TASK DETAILS: Would you please set down, word for word, the lines from the one with "Hoodie Beige Solid" through the final line of the data below, omitting any pictures?

INFORMATION SUPPLIED:
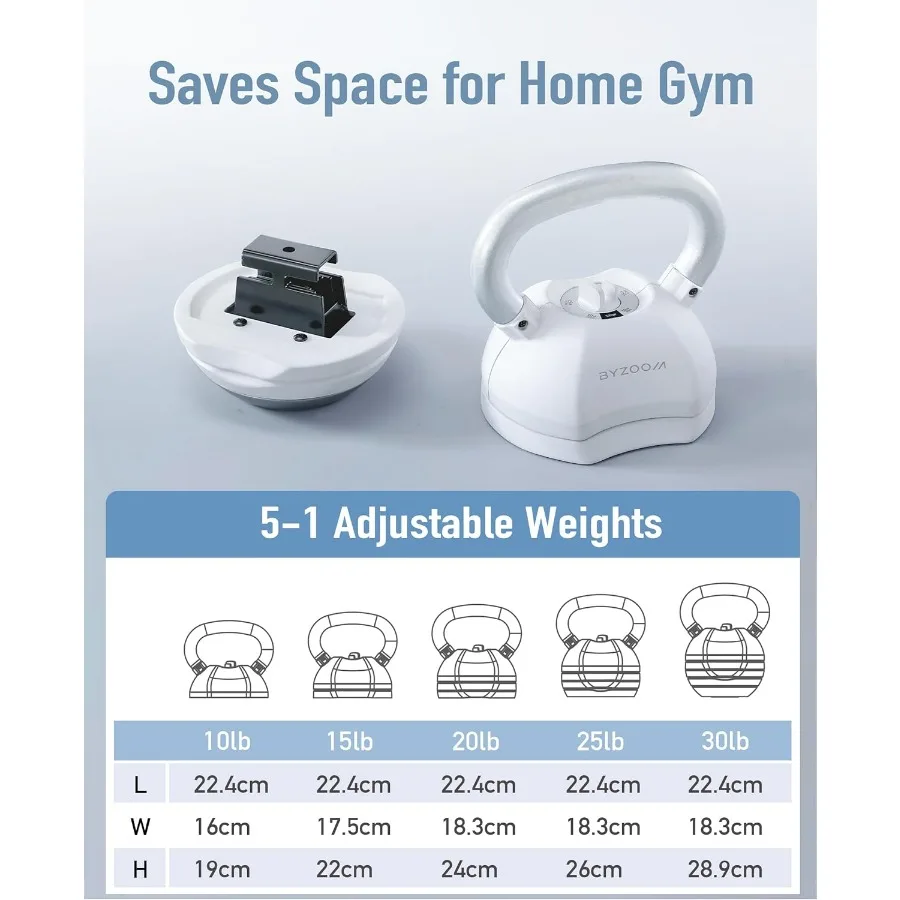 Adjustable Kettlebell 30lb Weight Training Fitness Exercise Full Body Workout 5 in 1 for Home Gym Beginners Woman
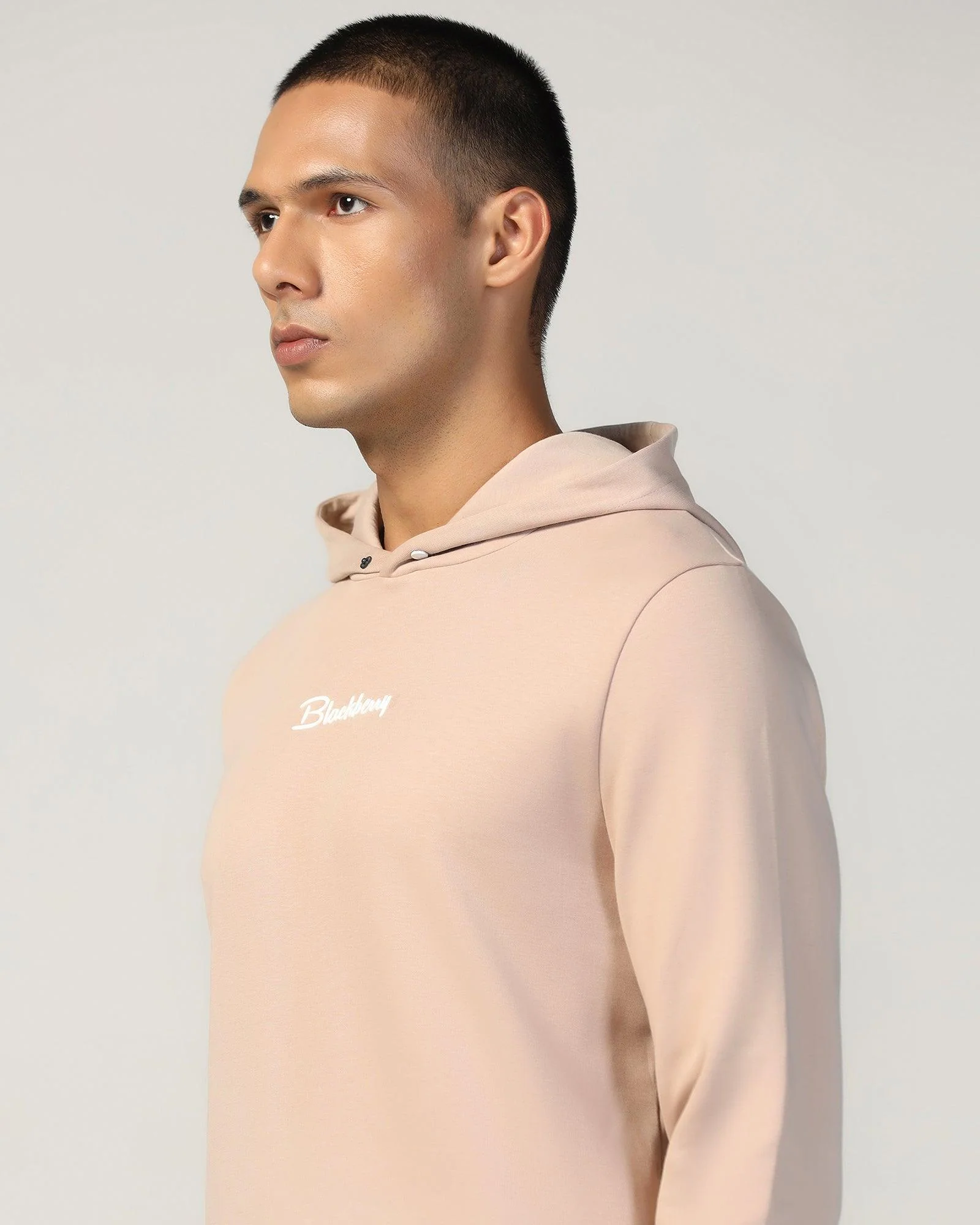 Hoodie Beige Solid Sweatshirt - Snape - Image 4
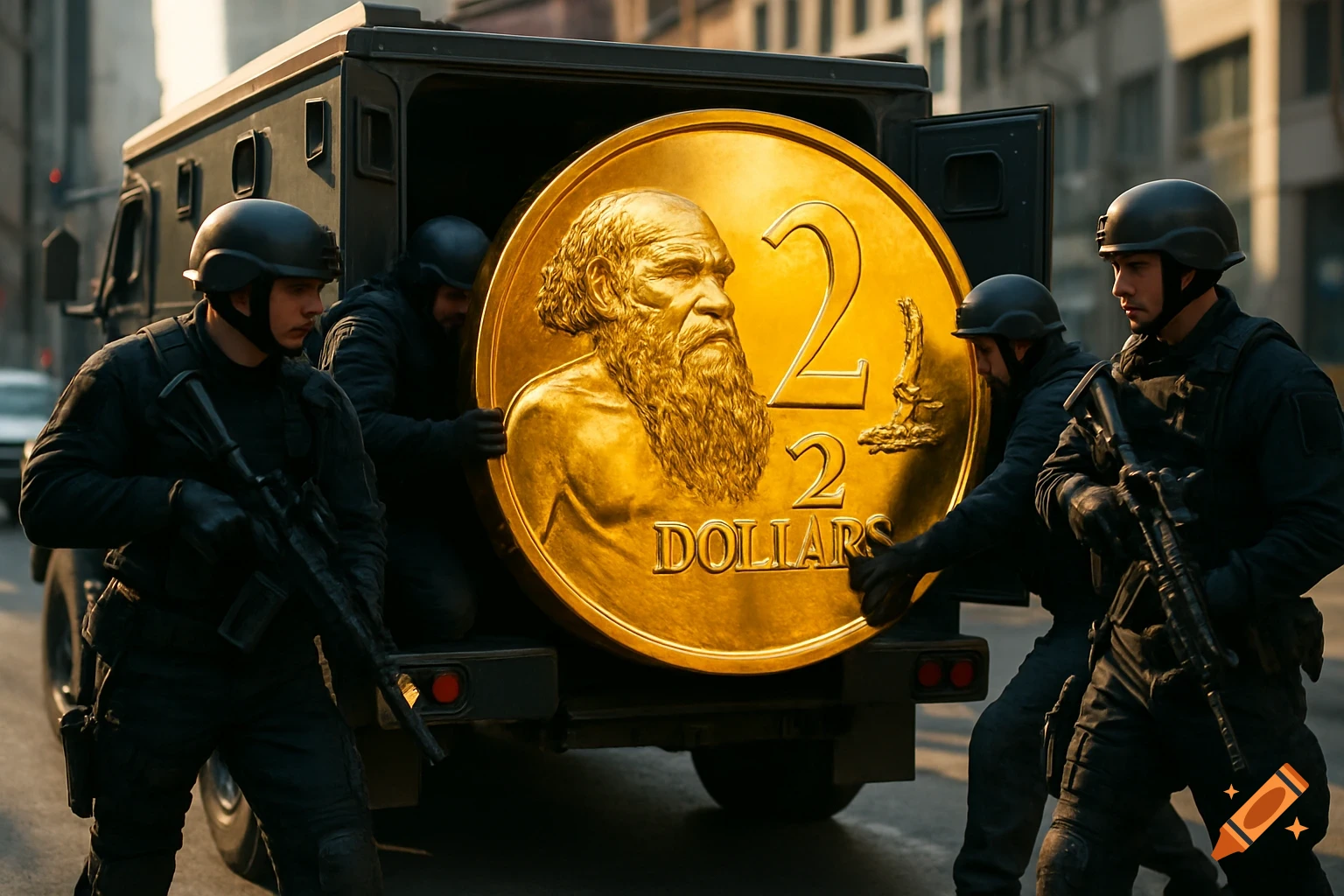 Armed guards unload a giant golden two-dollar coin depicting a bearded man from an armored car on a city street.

EXERCISE RESPONSE:
 Hoodie Beige Solid Sweatshirt - Snape - Image 4
 Armed guards unload a giant golden two-dollar coin depicting a bearded man from an armored car on a city street.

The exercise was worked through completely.